Hari’s research highlights major holes in the War on Drugs – namely that the prohibition of drugs encourages addiction. For most readers, such a claim would feel counter intuitive. But his findings support much of what he’s suggesting: because drug prohibition creates an grossly inflated profit on the sale of drugs, unscrupulous, violent, and dangerous gangs try to control the trade. And because the justice system views drug addiction in a punitive manner, addicts are often severely punished, jailed, and often tortured in such ways that relapse or death seems inevitable Maricopa County sheriff, Joe Arpaio and his infamous tent city is a particularly disturbing and ghoulish example of the abusive methods in which states and counties in this country deal with drug problems – Hari shares a story of a prisoner who is essentially cooked in a cage in the hot Arizona desert.
Though not a travelogue, Hari’s work takes him to different parts of the world where drug addiction is a problem, and he interviews a diverse group of people, each of whom is looking at the War on Drugs as a failed disaster. In Sweden and Portugal, he witnesses new laws that work toward decriminalization, and he goes to Vancouver and writes about an addict who mobilizes his peers into demanding rights and treatment from their government. These stories place human faces on the War on Drugs and highlight was a catastrophic failure it turned out to be. And in Colorado and Washington, he talks to two activists, both working hard toward the legalization of marijuana, but both coming from vastly different ideological backgrounds. It’s the diversity of the subjects of the book – conservatives, liberals, activists, doctors, politicians that really emphasizes just how wide-reaching the problem of drug addiction is.
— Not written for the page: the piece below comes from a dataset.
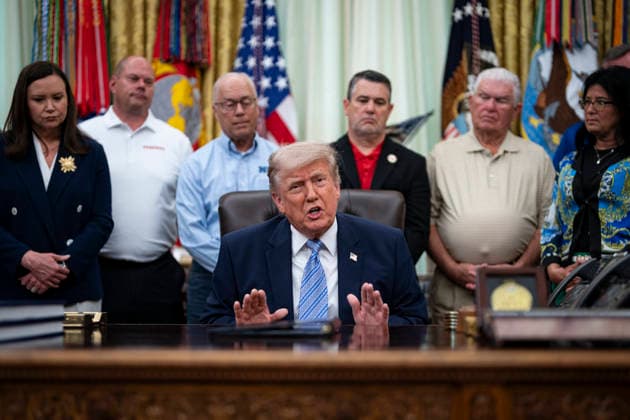 News Bilder des Tages The White House WASHINGTON, DC - MAY 21: U.S. President Donald Trump speaks at an event with Environmental Protection Agency (EPA) Administrator Lee Zeldin on May 21, 2026 in the Oval Office at the White House in Washington, D.C. Trump said he would rescind Biden-era regulations on refrigerators and air conditioners. (Photo by Al Drago for The Washington Post) Washington DC United States  Copyright: xPool ABACAx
Though Hari claims that his book is targeted toward the moderates – those who don’t fall too far left or too far right, Chasing Screams is a hard sell for those who take a conservative view of drug addiction. Some will claim that Hari and his subjects favor a touchy-feely approach that is doomed to fail. Some also will claim that Hari is essentially arguing for government-sanctioned crack houses. But Hari acknowledges that this discussion is far more complex than merely, “drugs should be legal, full stop.” As someone whose life has been marked by addiction, Hari knows first hand its consequences, and as a devoted uncle to young children, he fears for his nephews’ and niece’s safety. As a result, he does an admirable job in sharing his own prejudices about drug addicts as well as his preconceived ideas of drug addiction. Even if Chasing the Scream feels a bit like the proverbial preaching to the choir, those sympathetic toward Hari’s cause should still read the book, because it does highlight many unknown, yet tragic consequences of the failed War on Drugs. In light of ongoing discussions of our cracked justice system – particularly in light of the recent deaths of black men at the hands of the police – Chasing the Scream will be one of the most important books you’ll read.